For my binary segmentation model, I have two entries images and sensors data (history of numeric data) for each image.
The numeric data are temporal series.
Assuming I have
70 entries for each day
sequence lenght = 20 (days)
image batch size = 10
images size = torch.Size([10, 3, 256, 256])
sensors_data size = torch.Size([10, 20, 70])
For semantic segmentation I am using Unet Encoder , decoder
for numeric data I am using RNN, the Idea is to take the output of the RNN as a weight that forces the segmentation.
So my forward function is as folows
def forward(self, images, x):
encoded = sef.encoder(images)
decoded = self.decoder(encoded)
Fuse = torch.clone(decoded) #([10, 2, 256, 256])
h0 = torch.zeros(self.layer_dim, 1, self.hidden_dim).requires_grad_(true).to(self.device)
hidden = torch.empty_like(torch.unsqueeze(h0,0))
out = torch.empty(1).requires_grad_().to(self.device)
#loop over image batchs
for i in range(x.size(1)):
#loop over days in each image batch
for j in range(x.size(0)):
out, h0 = self.rnn(x[j:j+1,i:i+1,:], h0.detach())
out = out[:, -1, :]
out = self.fc(out)
last = torch.clone(out[0])
myoutput = torch.cat((myoutput, last),0)
#fusion part
Weights = torch.clone(My_output)
Weights = torch.where(Weights > 35, 0.7, 0.3)
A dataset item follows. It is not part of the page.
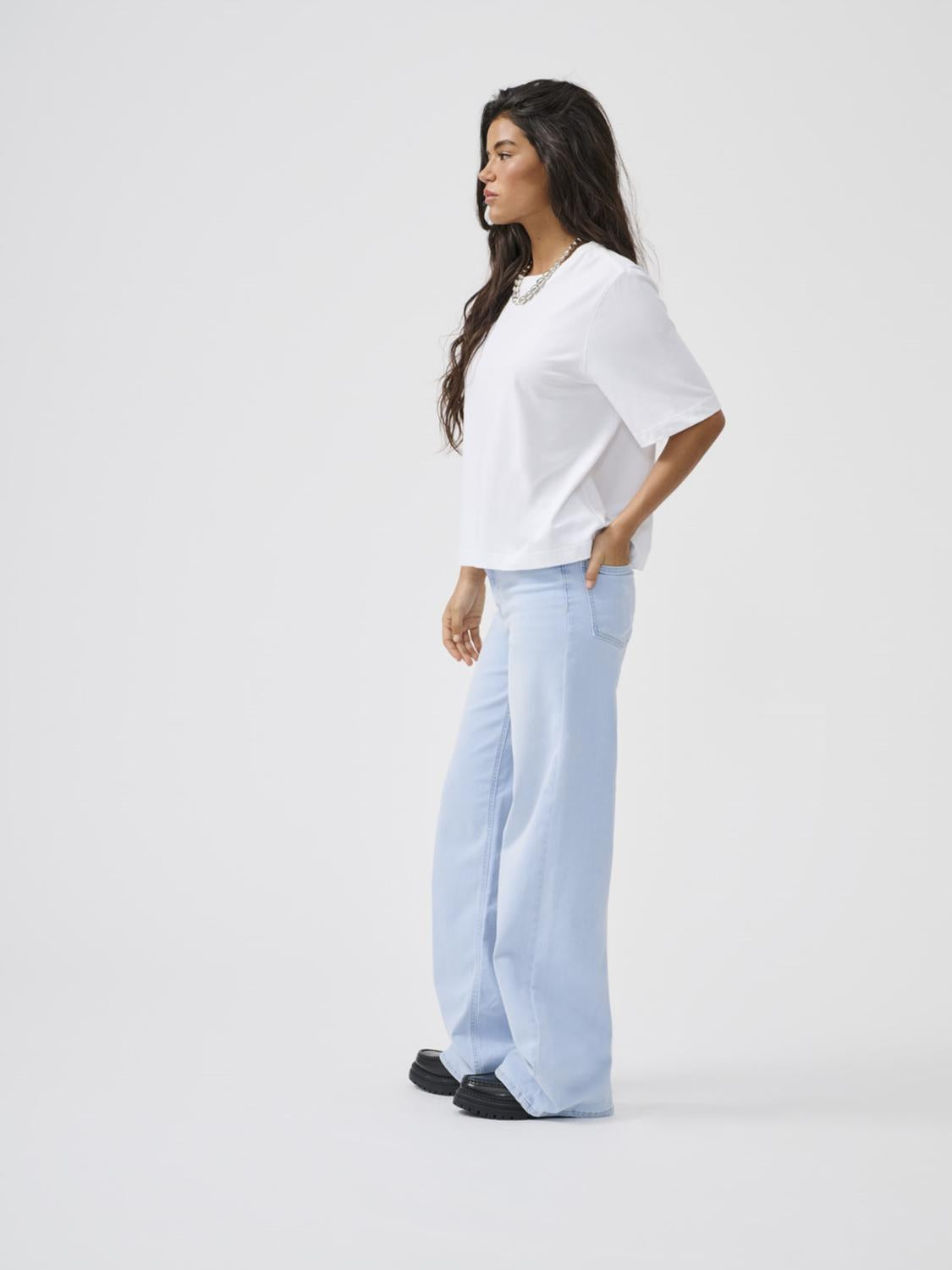 Madison Blush HW Wide Light Blue Bleached Denim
Weights = Weights.view(Weights.size(0), 1, 1, 1)
#print(Weights)
Fuse[:,1,None] = torch.mul(Fuse[:,1,None],Weights)
return Decoded, myoutput, Fuse
in the trainning loop :
logits , sensors , fusion = model(images, x)
optimizer1.zero_grad()
optimizer2.zero_grad()
optimizer3.zero_grad()
loss1 = F.cross_entropy(logits, labels)
loss0 = Funcloss0(sensors, labels_sensors)
loss2 = F.cross_entropy(fusion, labels_fusion)
loss0.backward(retain_graph=True)
loss1.backward(retain_graph=True)
loss2.backward(retain_graph = False)
PS : I kept the output without fusion to compare results
The problem is that the prediction of RNN are very bad and I don’t know why, can you spot the mistake. Does this seems logical?